**WHAT THE TASK REQUIRES**
Give back every entry, exactly as written.

**Entries taken from a collection**
----

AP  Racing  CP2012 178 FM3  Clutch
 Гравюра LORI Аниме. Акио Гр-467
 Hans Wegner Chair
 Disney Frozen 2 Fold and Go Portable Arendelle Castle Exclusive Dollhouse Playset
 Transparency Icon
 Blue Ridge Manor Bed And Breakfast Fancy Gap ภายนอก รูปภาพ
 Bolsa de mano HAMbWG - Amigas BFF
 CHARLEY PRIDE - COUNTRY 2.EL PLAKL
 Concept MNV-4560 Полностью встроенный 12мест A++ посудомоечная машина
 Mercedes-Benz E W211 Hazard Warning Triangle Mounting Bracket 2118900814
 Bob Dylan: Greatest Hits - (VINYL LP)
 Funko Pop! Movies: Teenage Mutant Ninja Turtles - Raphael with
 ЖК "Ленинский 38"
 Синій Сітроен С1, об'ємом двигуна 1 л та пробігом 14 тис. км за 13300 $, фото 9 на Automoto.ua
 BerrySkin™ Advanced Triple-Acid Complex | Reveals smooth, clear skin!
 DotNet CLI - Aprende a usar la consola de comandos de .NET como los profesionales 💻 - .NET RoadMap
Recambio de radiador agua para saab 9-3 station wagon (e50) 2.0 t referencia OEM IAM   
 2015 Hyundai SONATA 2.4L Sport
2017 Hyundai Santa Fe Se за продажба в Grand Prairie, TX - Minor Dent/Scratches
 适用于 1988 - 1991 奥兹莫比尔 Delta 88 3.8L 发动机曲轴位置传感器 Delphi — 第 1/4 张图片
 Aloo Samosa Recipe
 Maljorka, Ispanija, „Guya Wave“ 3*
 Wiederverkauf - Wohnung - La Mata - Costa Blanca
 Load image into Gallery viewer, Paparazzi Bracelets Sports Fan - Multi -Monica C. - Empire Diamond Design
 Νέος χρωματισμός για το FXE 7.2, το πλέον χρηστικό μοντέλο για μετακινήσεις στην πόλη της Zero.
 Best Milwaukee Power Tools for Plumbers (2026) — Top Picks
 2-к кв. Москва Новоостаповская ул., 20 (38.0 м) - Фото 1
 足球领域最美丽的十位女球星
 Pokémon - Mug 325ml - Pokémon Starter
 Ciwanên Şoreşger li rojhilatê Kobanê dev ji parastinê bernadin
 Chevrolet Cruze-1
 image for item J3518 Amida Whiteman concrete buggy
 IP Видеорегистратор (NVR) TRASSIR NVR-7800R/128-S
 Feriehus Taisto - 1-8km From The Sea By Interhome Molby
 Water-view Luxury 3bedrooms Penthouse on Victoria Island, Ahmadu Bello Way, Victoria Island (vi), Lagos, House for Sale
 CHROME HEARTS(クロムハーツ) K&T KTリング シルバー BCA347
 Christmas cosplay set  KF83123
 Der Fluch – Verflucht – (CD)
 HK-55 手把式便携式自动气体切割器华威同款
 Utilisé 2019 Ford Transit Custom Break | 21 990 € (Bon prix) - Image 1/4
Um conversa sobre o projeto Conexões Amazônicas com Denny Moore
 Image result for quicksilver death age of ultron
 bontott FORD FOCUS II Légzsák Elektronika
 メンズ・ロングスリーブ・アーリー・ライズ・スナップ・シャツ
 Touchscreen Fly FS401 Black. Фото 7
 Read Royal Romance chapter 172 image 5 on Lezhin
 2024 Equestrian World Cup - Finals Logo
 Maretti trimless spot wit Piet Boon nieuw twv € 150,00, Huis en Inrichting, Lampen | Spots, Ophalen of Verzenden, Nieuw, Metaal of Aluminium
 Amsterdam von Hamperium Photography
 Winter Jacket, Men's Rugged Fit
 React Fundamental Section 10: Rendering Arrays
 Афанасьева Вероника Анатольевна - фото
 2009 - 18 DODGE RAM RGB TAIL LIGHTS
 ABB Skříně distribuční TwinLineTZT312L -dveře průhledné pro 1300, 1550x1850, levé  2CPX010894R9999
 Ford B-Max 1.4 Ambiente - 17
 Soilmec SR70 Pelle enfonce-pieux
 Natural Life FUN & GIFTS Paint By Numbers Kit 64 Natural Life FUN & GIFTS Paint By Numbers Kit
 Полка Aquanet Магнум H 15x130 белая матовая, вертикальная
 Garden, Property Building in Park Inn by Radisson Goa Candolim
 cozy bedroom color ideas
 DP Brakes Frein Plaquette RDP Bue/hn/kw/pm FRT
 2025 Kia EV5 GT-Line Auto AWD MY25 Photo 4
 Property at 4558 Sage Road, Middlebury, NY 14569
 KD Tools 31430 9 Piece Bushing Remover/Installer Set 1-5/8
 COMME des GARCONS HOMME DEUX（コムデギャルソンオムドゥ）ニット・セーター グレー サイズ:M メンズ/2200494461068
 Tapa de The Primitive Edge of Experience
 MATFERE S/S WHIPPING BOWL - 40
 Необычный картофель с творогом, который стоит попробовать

----

**RESPONSE**
AP  Racing  CP2012 178 FM3  Clutch
 Гравюра LORI Аниме. Акио Гр-467
 Hans Wegner Chair
 Disney Frozen 2 Fold and Go Portable Arendelle Castle Exclusive Dollhouse Playset
 Transparency Icon
 Blue Ridge Manor Bed And Breakfast Fancy Gap ภายนอก รูปภาพ
 Bolsa de mano HAMbWG - Amigas BFF
 CHARLEY PRIDE - COUNTRY 2.EL PLAKL
 Concept MNV-4560 Полностью встроенный 12мест A++ посудомоечная машина
 Mercedes-Benz E W211 Hazard Warning Triangle Mounting Bracket 2118900814
 Bob Dylan: Greatest Hits - (VINYL LP)
 Funko Pop! Movies: Teenage Mutant Ninja Turtles - Raphael with
 ЖК "Ленинский 38"
 Синій Сітроен С1, об'ємом двигуна 1 л та пробігом 14 тис. км за 13300 $, фото 9 на Automoto.ua
 BerrySkin™ Advanced Triple-Acid Complex | Reveals smooth, clear skin!
 DotNet CLI - Aprende a usar la consola de comandos de .NET como los profesionales 💻 - .NET RoadMap
Recambio de radiador agua para saab 9-3 station wagon (e50) 2.0 t referencia OEM IAM   
 2015 Hyundai SONATA 2.4L Sport
2017 Hyundai Santa Fe Se за продажба в Grand Prairie, TX - Minor Dent/Scratches
 适用于 1988 - 1991 奥兹莫比尔 Delta 88 3.8L 发动机曲轴位置传感器 Delphi — 第 1/4 张图片
 Aloo Samosa Recipe
 Maljorka, Ispanija, „Guya Wave“ 3*
 Wiederverkauf - Wohnung - La Mata - Costa Blanca
 Load image into Gallery viewer, Paparazzi Bracelets Sports Fan - Multi -Monica C. - Empire Diamond Design
 Νέος χρωματισμός για το FXE 7.2, το πλέον χρηστικό μοντέλο για μετακινήσεις στην πόλη της Zero.
 Best Milwaukee Power Tools for Plumbers (2026) — Top Picks
 2-к кв. Москва Новоостаповская ул., 20 (38.0 м) - Фото 1
 足球领域最美丽的十位女球星
 Pokémon - Mug 325ml - Pokémon Starter
 Ciwanên Şoreşger li rojhilatê Kobanê dev ji parastinê bernadin
 Chevrolet Cruze-1
 image for item J3518 Amida Whiteman concrete buggy
 IP Видеорегистратор (NVR) TRASSIR NVR-7800R/128-S
 Feriehus Taisto - 1-8km From The Sea By Interhome Molby
 Water-view Luxury 3bedrooms Penthouse on Victoria Island, Ahmadu Bello Way, Victoria Island (vi), Lagos, House for Sale
 CHROME HEARTS(クロムハーツ) K&T KTリング シルバー BCA347
 Christmas cosplay set  KF83123
 Der Fluch – Verflucht – (CD)
 HK-55 手把式便携式自动气体切割器华威同款
 Utilisé 2019 Ford Transit Custom Break | 21 990 € (Bon prix) - Image 1/4
Um conversa sobre o projeto Conexões Amazônicas com Denny Moore
 Image result for quicksilver death age of ultron
 bontott FORD FOCUS II Légzsák Elektronika
 メンズ・ロングスリーブ・アーリー・ライズ・スナップ・シャツ
 Touchscreen Fly FS401 Black. Фото 7
 Read Royal Romance chapter 172 image 5 on Lezhin
 2024 Equestrian World Cup - Finals Logo
 Maretti trimless spot wit Piet Boon nieuw twv € 150,00, Huis en Inrichting, Lampen | Spots, Ophalen of Verzenden, Nieuw, Metaal of Aluminium
 Amsterdam von Hamperium Photography
 Winter Jacket, Men's Rugged Fit
 React Fundamental Section 10: Rendering Arrays
 Афанасьева Вероника Анатольевна - фото
 2009 - 18 DODGE RAM RGB TAIL LIGHTS
 ABB Skříně distribuční TwinLineTZT312L -dveře průhledné pro 1300, 1550x1850, levé  2CPX010894R9999
 Ford B-Max 1.4 Ambiente - 17
 Soilmec SR70 Pelle enfonce-pieux
 Natural Life FUN & GIFTS Paint By Numbers Kit 64 Natural Life FUN & GIFTS Paint By Numbers Kit
 Полка Aquanet Магнум H 15x130 белая матовая, вертикальная
 Garden, Property Building in Park Inn by Radisson Goa Candolim
 cozy bedroom color ideas
 DP Brakes Frein Plaquette RDP Bue/hn/kw/pm FRT
 2025 Kia EV5 GT-Line Auto AWD MY25 Photo 4
 Property at 4558 Sage Road, Middlebury, NY 14569
 KD Tools 31430 9 Piece Bushing Remover/Installer Set 1-5/8
 COMME des GARCONS HOMME DEUX（コムデギャルソンオムドゥ）ニット・セーター グレー サイズ:M メンズ/2200494461068
 Tapa de The Primitive Edge of Experience
 MATFERE S/S WHIPPING BOWL - 40
 Необычный картофель с творогом, который стоит попробовать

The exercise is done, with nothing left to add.